In realtà la pronuncia della Corte ha vagliato la legittimità costituzionale non solo di tale disposizione, ma in prima battuta anche di quella del co. 4 dell’art. 83 “nella parte in cui prevede che il corso della prescrizione dei reati commessi prima del 9 marzo 2020 rimanga sospeso, per un periodo di tempo pari a quello in cui sono sospesi i termini per il compimento di qualsiasi atto dei procedimenti penali”. La contestazione mossa riguardava l’incidenza retroattiva (ex se pregiudizievole per l’imputato) di tale intervento legislativo. Parte ricorrente, infatti, riteneva che l’entrata in vigore di una norma successiva riguardante un istituto di natura sostanziale come la prescrizione fosse in contrasto con il principio di legalità e di irretroattività della legge penale, garantito dall’art. 25, co. 2, Cost. (“nessuno può essere punito se non in fo rza di una legge che sia entrata in vigore prima del fatto commesso”) e dall’art. 7 CEDU (“nessuno può essere condannato per un’azione o un’omissione che, al momento in cui è stata commessa, non costituiva reato secondo il diritto interno o internazionale”).
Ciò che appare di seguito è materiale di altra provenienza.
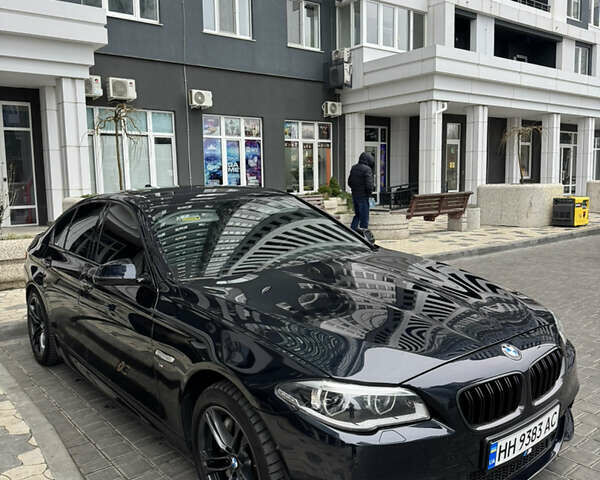 Синій БМВ 5 Серія, об'ємом двигуна 3 л та пробігом 208 тис. км за 22999 $, фото 1 на Automoto.ua
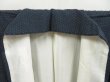 Photo7: 4509T04z880 Vintage Japanese Kimono Silk TSUMUGI  Dark gray (7)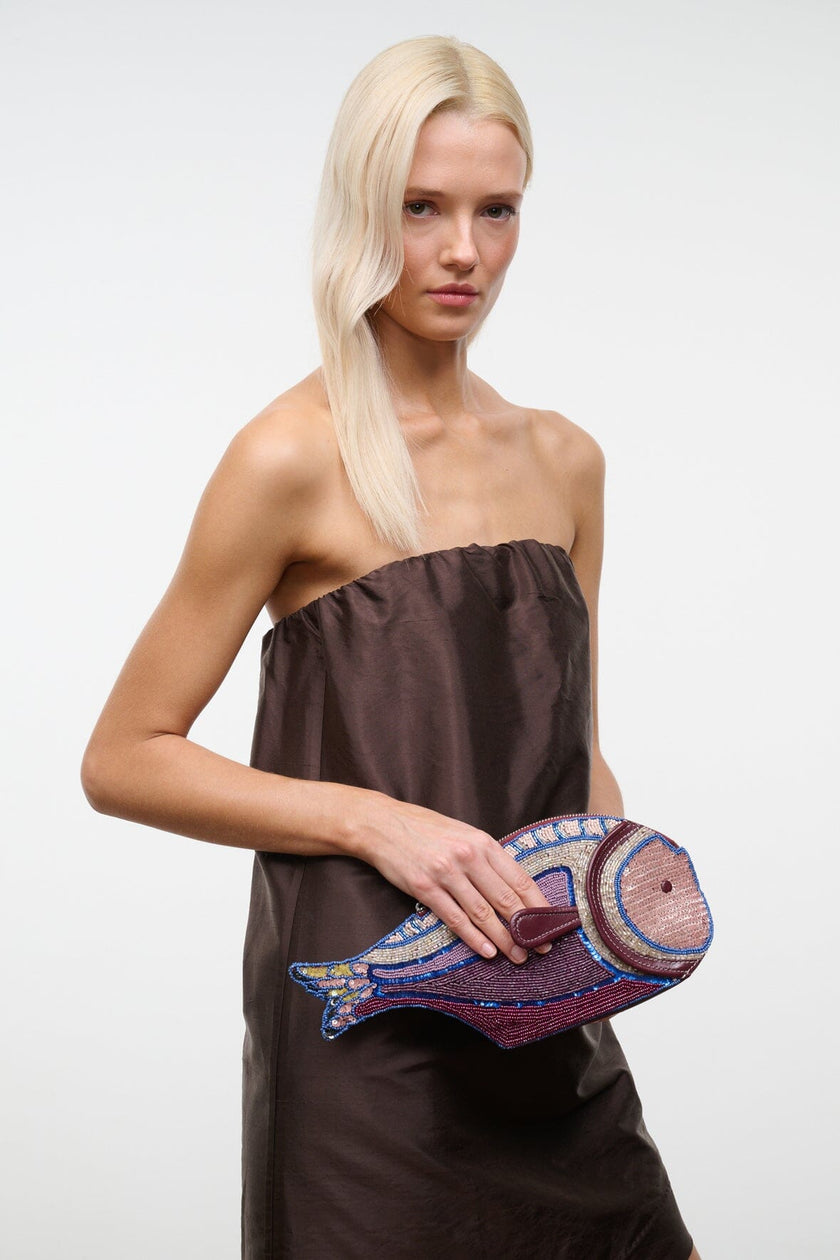 PESCE BEADED CLUTCH ULTRAVIOLET - Image 8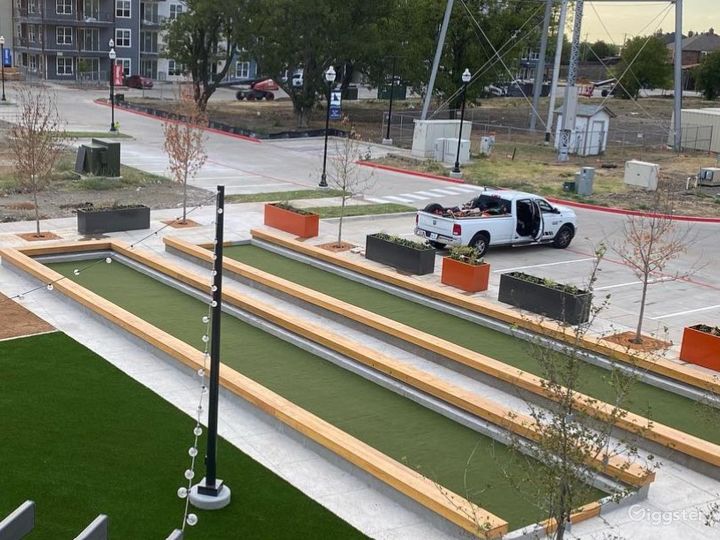 Outdoor Bocce Ball Court in Little Elm Rent this location on Giggster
Le questioni di legittimità costituzionale inerenti l’art. 83, co. 4, sono state ritenute però manifestamente infondate, specificando inoltre che nel caso di specie, in assenza di valide motivazioni, la tutela di cui all’art. 7 CEDU non si possa ritenere più ampia e concorrente rispetto a quella di cui all’art. 25, co.2, Cost. La Corte ha richiamato una sua precedente pronuncia (sentenza 278/2020) in cui aveva già ritenute non fondate le medesime questioni. L’art. 83, co. 4, rientra a pieno titolo nella casistica prevista dell’art. 159 c.p. in materia di sospensione della prescrizione, la quale è prevista (fra gli altri) nel caso “in cui la sospensione del procedimento o del processo penale o dei termini di custodia cautelare è imposta da una particolare disposizione di legge”. L’art. 83, co. 4, dunque, non è altro che una diretta applicazione di tale disposizione e la sospensione che prevede è basata su “elementi certi e oggettivi”.

 

Proprio l’assenza di questi ultimi requisiti – certezza ed oggettività – ha invece portato alla censura dell’art. 83, co. 9, del d.l. 18/2020. Infatti in questo caso la sospensione non è prevista in una casistica ben delineata e certa, ma è di fatto rimessa all’arbitrio dei capi di ufficio giudiziario, il cui intervento è assolutamente facoltativo, arbitrario ed incerto (sia nell’an che nel quantum, ovviamente). Nessuna interpretazione può restituire un grado di determinatezza della norma tale da rispettare gli standard costituzionali. La possibilità concessa ai capi degli uffici giudiziari di rinviare le udienze in maniera arbitraria conferisce alla disposizione un grado troppo elevato di soggettività ed incertezza per poter essere accettata dal nostro ordinamento, oltre a causare una difformità di trattamento fra casi analoghi a seconda che il capo di un ufficio giudiziario decida o meno di avvalersi del rinvio previsto dall’art. 83, co. 9.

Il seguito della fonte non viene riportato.